[About this exercise]
The full listing should be reproduced exactly as it appears.

[Collected data]
=== Section Start ===

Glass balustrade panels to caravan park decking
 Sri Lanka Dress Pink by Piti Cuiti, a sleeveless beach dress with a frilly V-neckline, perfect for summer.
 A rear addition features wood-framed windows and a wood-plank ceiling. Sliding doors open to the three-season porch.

=== Section End ===

[Written answer]
Glass balustrade panels to caravan park decking
 Sri Lanka Dress Pink by Piti Cuiti, a sleeveless beach dress with a frilly V-neckline, perfect for summer.
 A rear addition features wood-framed windows and a wood-plank ceiling. Sliding doors open to the three-season porch.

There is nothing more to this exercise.